What is needed is an exact reproduction of the lines in the records below, starting at the line with "CTM 225 AC2" and ending at the line with "Unplayable cube mascot giving a thumbs up", both included, and nothing else; pictures stay out.

Extracted material.

== Segment start ==

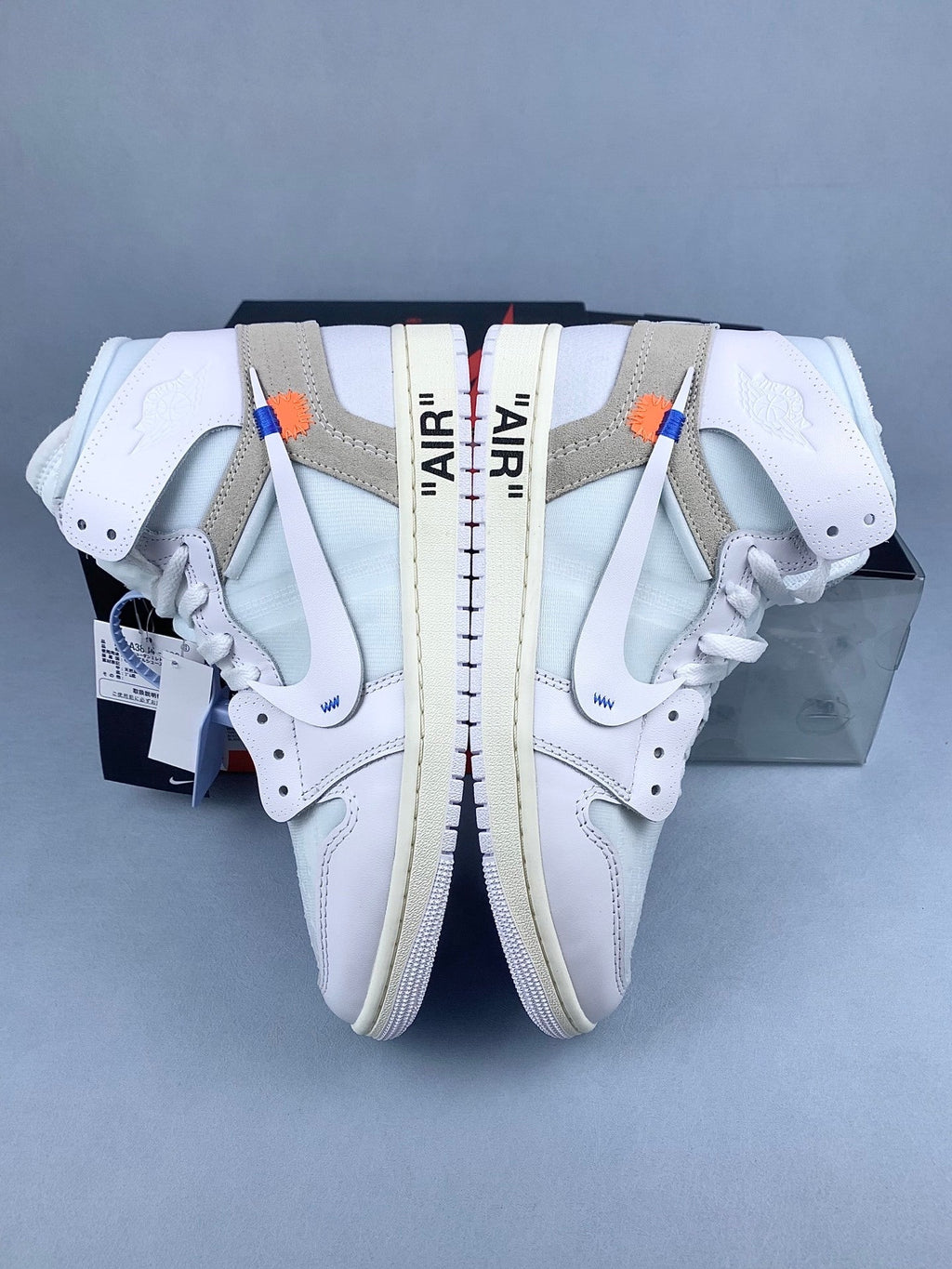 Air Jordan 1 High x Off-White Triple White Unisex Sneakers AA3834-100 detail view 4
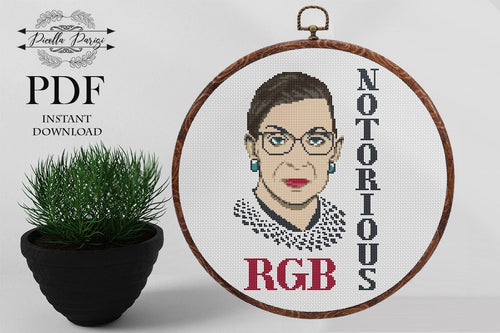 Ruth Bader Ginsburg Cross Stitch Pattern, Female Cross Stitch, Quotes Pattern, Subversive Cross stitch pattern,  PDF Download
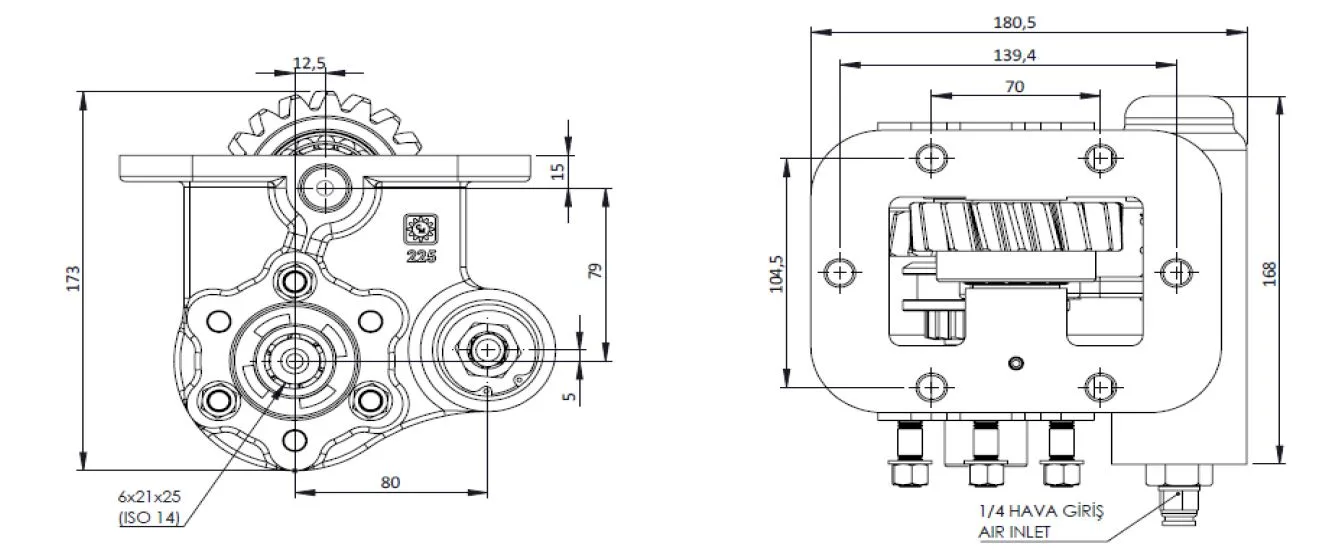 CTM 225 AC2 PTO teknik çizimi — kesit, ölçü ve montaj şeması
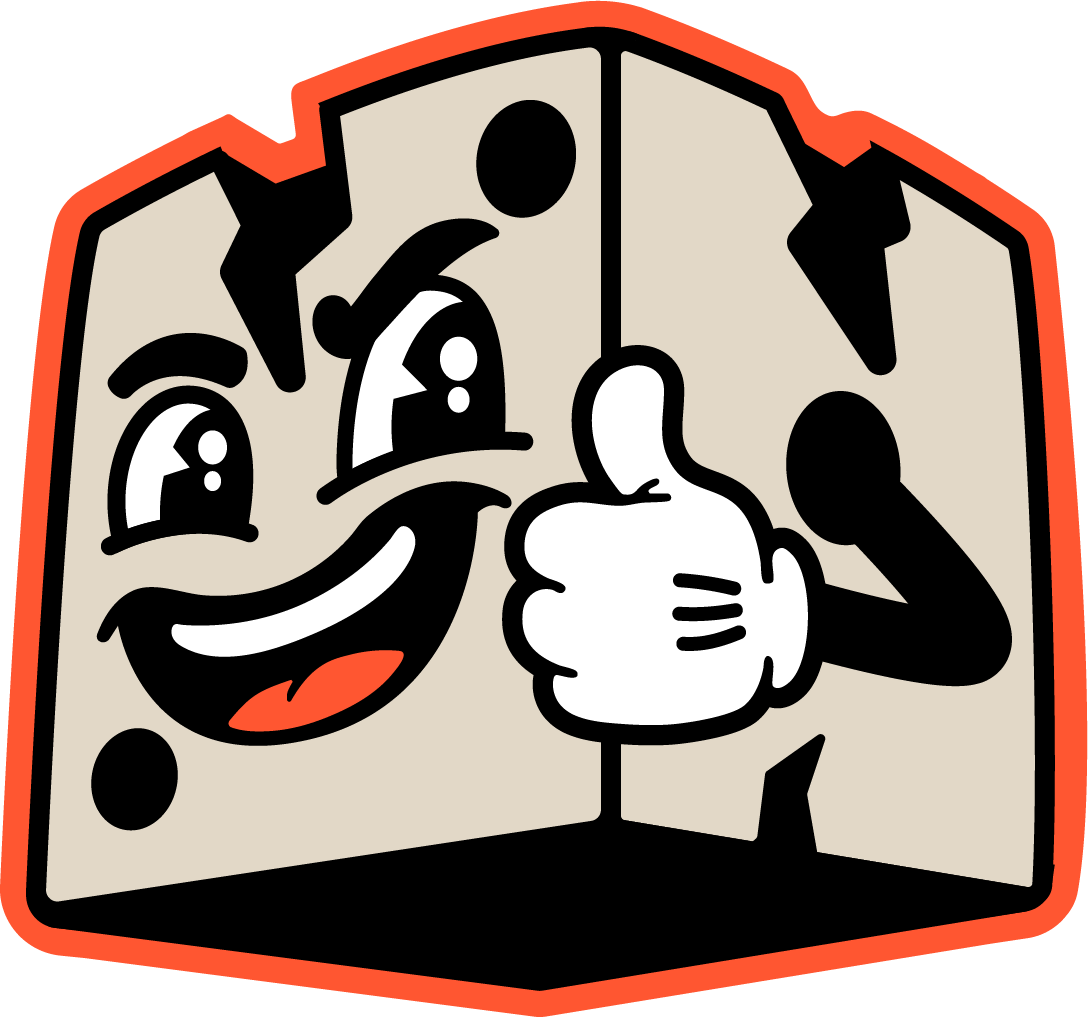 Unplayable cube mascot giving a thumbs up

== Segment end ==
== Segment start ==

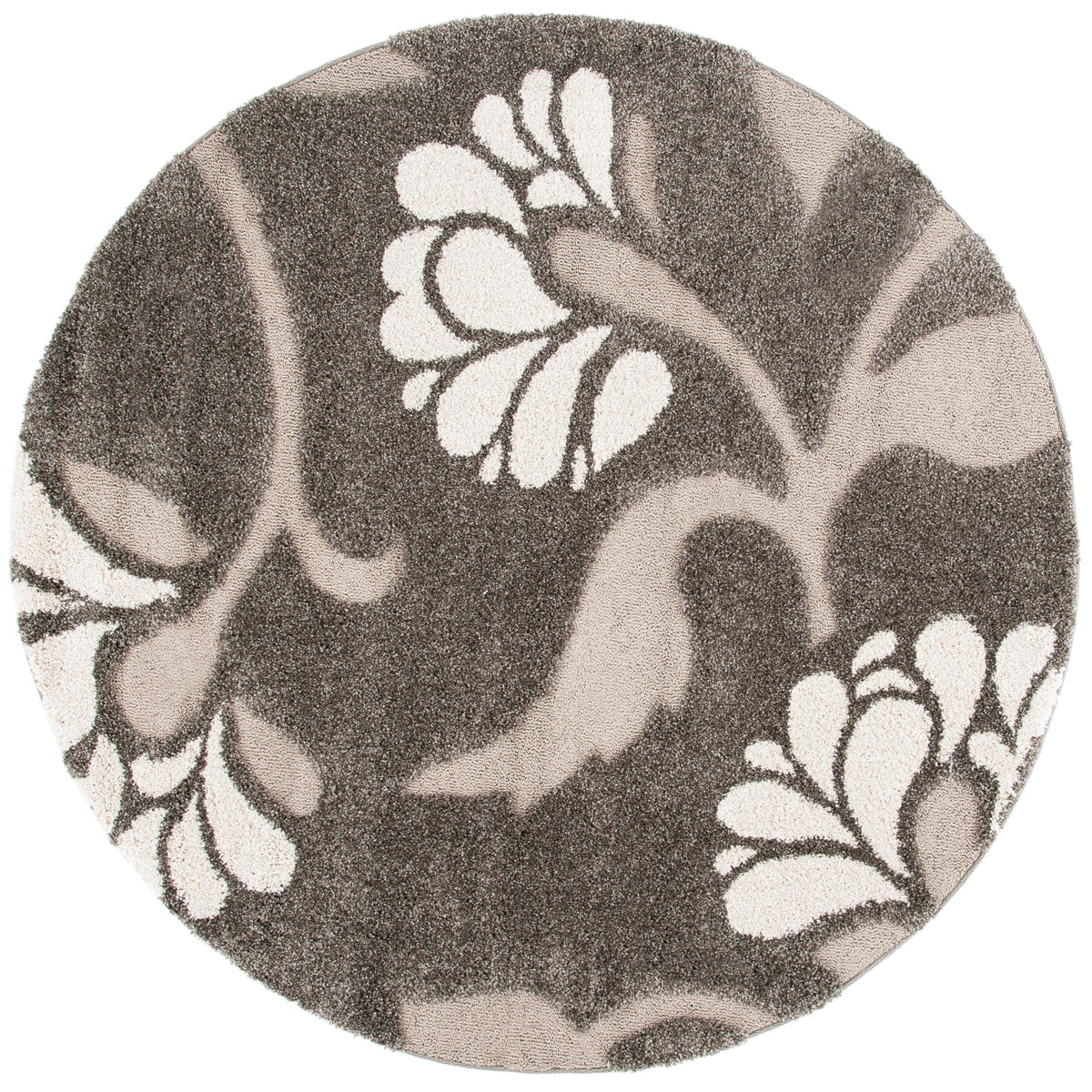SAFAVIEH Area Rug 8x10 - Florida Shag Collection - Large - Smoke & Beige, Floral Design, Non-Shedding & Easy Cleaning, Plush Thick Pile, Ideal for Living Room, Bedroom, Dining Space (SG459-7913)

== Segment end ==
== Segment start ==

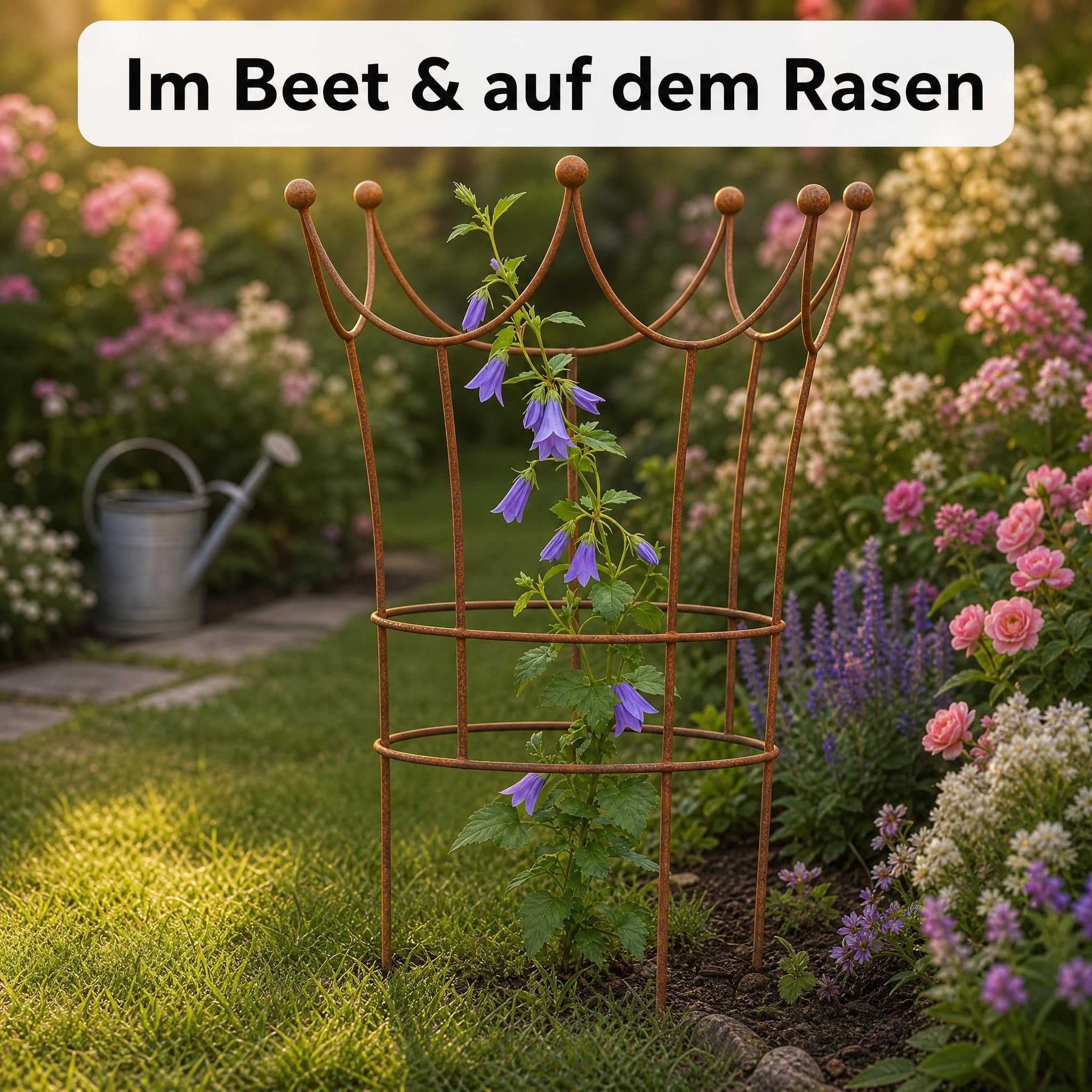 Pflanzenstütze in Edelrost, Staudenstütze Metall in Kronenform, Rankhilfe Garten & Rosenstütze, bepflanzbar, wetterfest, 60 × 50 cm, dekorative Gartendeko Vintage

== Segment end ==

Exercise answer.
 CTM 225 AC2 PTO teknik çizimi — kesit, ölçü ve montaj şeması
 Unplayable cube mascot giving a thumbs up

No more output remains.